• **Work request**: Starting at the line that contains "Get pizza at", transcribe each line exactly through the last line of the data. Include nothing else.

Saved entries:
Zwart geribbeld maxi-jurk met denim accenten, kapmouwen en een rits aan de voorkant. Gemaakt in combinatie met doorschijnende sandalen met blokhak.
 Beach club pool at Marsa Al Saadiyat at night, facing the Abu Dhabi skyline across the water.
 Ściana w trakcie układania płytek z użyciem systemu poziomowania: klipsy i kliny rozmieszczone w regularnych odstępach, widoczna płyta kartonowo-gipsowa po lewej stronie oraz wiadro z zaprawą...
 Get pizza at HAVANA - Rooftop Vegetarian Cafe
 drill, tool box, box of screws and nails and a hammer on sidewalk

• **Answer box**:
 Get pizza at HAVANA - Rooftop Vegetarian Cafe
 drill, tool box, box of screws and nails and a hammer on sidewalk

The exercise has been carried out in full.